Chip Taylor and The New Ukrainians release F**k All The Perfect People
Chip Taylor and The New Ukrainians
F**k All The Perfect People
By JD Duarte of BrooklynCountry.com
Yonkers native Chip Taylor has been an active songwriting presence for 40 years, though many music fans know Taylor’s songs better than his voice. Huge hits like “Wild Thing” (The Troggs version is listed in Rolling Stones 500 Greatest Songs of All Time) made Taylor a name in the industry. With over a dozen albums to his name, Chip Taylor has shown influence and longevity in a relatively fickle trade.
His latest release, F**k All The Perfect People,with back-up band The New Ukrainians, is a wonderful representation of not only of Chip Taylor’s songwriting, but the kind of performance that keeps Taylor and company interested in the craft of songwriting.

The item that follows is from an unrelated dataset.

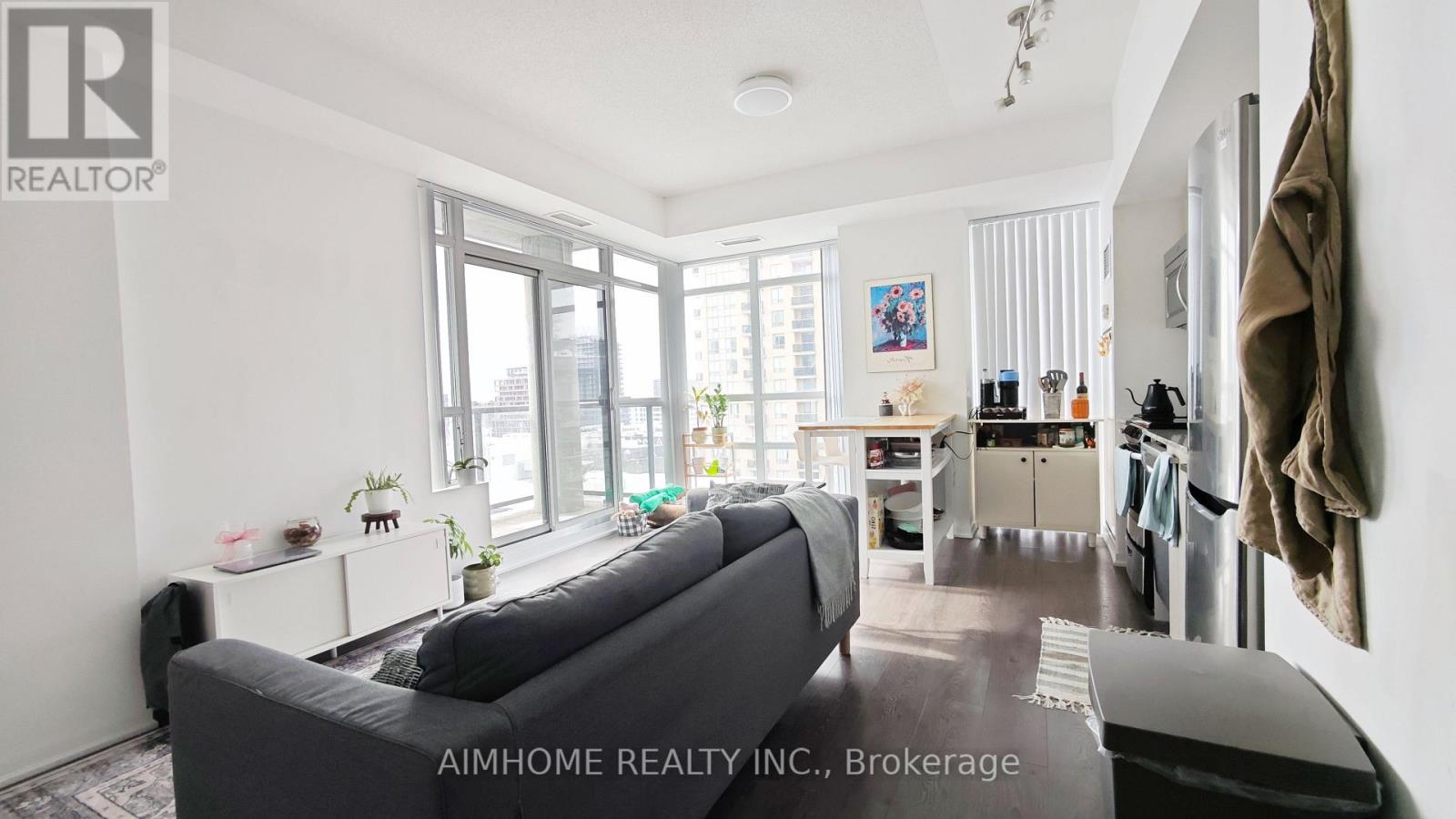 1225 - 68 Abell Street, Toronto, Ontario  M6J 0B1 - Photo 7 - C12775062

The album has a casual, unrehearsed feel, as if it was recorded with the entire band sitting together in a living room, as opposed to a studio. The opening track “Be Kind” has the feel of a live cut, with Taylor calling the changes to the band, referring to them by name and calling them out as they take their respective solos. The title track plays on Hamlet’s existential pondering of whether “to be or not to be.” The verses focuses on reflection, and a call to independent thinking; Taylor’s “Jesus died for something or nothing at all” may just say it all.
The entire album is wrought with beautiful harmonies and a mellow vibe. During “Phoned in Dead,” a countrified blues tune with a down-home feel, Taylor continues to call out the chord changes, lead instruments, and band member’s names. “Outside the Human Condition,” a gospel-infused hymn, is one of the most endearing songs on the album. It begins with spoken words, and the music slowly fades in.
The latter quarter of the album shows a much more mellow side. “I Know the Dark,” “Thoughts of a Child,” and “This Darkest Day” reveal a greater intensity of story-telling, like one generation passing on history to the next.
Considering Taylor’s extensive repertoire, a killer group of musicians, a light-hearted approach to recording, and the eloquence embedded in Taylor’s lyric style F**k All The Perfect People is bound to a hit among fans of roots music and acolytes of the great American folk songwriting tradition.